Should the Senate approve the changes, from 1 July 2017 SMSF members will only be able to contribute $1.6 million to their super fund and benefit from the super system’s tax breaks, including the tax-free status of investments in an SMSF once it is in the pension phase.
Pete Pennicott, a principal and financial adviser with financial advice firm Pekada, says family trusts have been on clients’ radars ever since the budget announcements.
“Clients and our accounting partners have realised that once they can no longer contribute to super they need to be looking at another tax-effective structure. Superannuation is obviously where we'd like to hold most of clients’ assets especially as they approach preservation age. But if we can't use that, the benefits and flexibility of a family trust are good from a tax-management perspective,” says Pennicott.
How to decide upon a family trust
"It's not for everyone, but for the right client, it can mean we can create another tax-friendly environment in which to hold investments outside superannuation,” he explains.
He says this is far from a one-size-fits-all strategy. It's a case-by-case basis. It’s important to look at the costs and benefits of establishing and maintaining the structure. To justify a family trust structure, the portfolio needs to be of a reasonable size, taking into account the client’s marginal tax rate. It can be effective when there is a family group including parents, children, and other closely-related parties.

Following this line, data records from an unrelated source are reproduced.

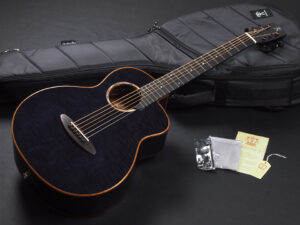 アヌエヌエ ミニ 小型 スモール ギター トラベル small guitar travel gs mini Maple koa Taylor 女子 子供 女性 初心者 ブラック 黒 BLK BK EB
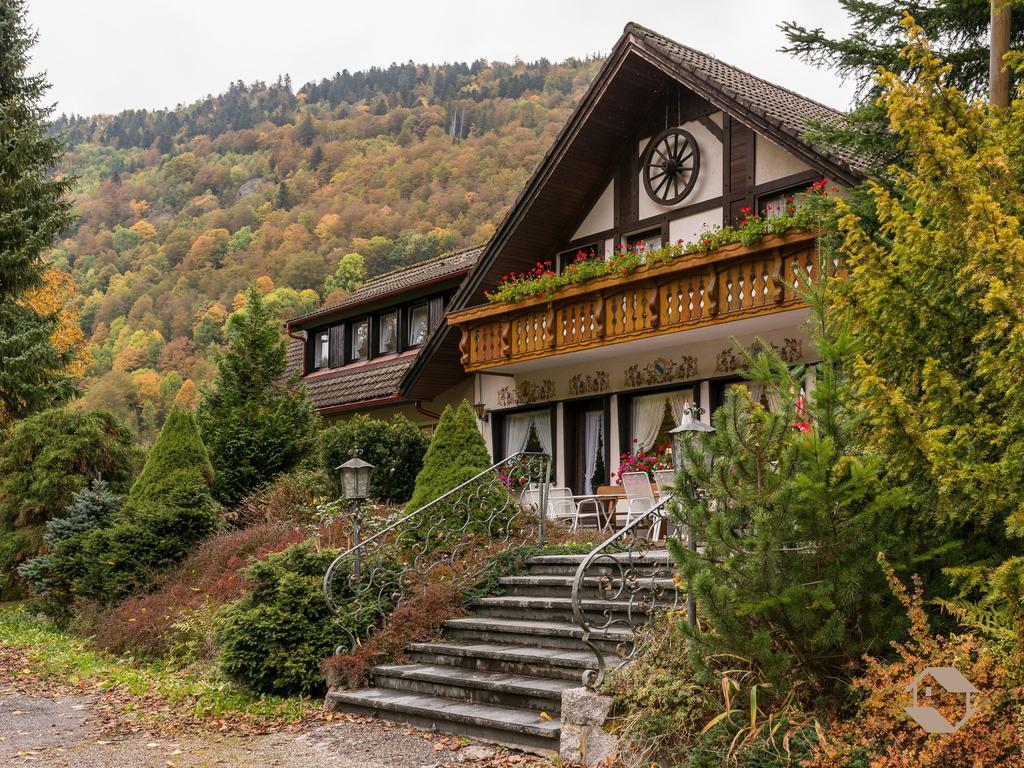 Hotel Landhaus Sonnenhof Todtnau Exteriör bild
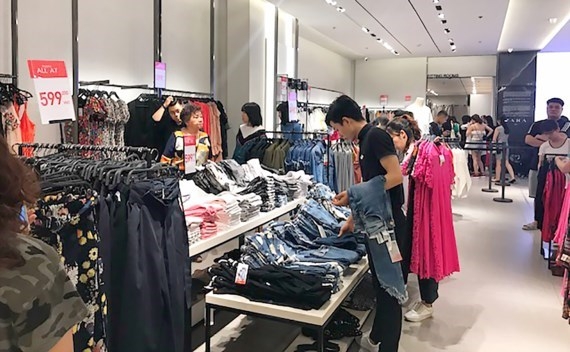 Fever of foreign fashion in HCMC outlets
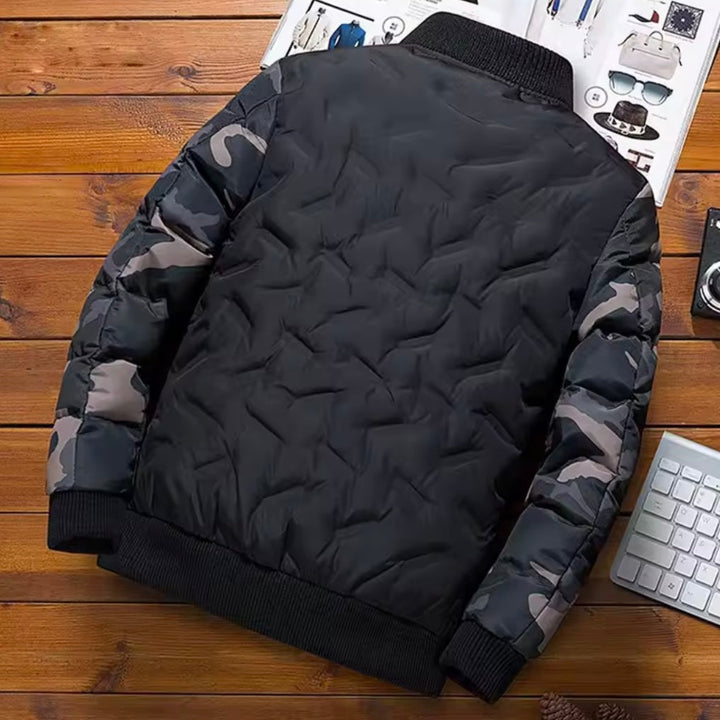 Oliver | Quiltad Vinterjacka Herr med Camouflageärmar och Ribbstickade Muddar 4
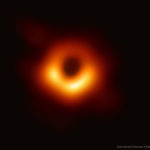 أول صورة بمقياس الأفق لثقب أسود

“So for example, if there are children who are studying for a masters degree but not really earning a big income, or earning at all, it’s possible to allocate $20,000 to them tax free. The broader the group the bigger the benefit,” says Pennicott.
Often family trusts work in combination with SMSFs. In this situation the SMSF will generally generate the minimum pension amount, which is in excess of their living expenses. So each year when the fund pays its annual pension payment in June, and the fund members receive a cash payment in their personal names, it’s important to be smart about what to do with these funds. Says Pennicott: “We don't want the money sitting idly doing nothing.”
For these clients, a family trust can make sense, as it’s a structure outside the super system where they can build wealth.
Given the tax benefits of the super system, it’s not often that it makes good financial sense to use a family trust structure over an SMSF, unless the client is a long way from preservation age.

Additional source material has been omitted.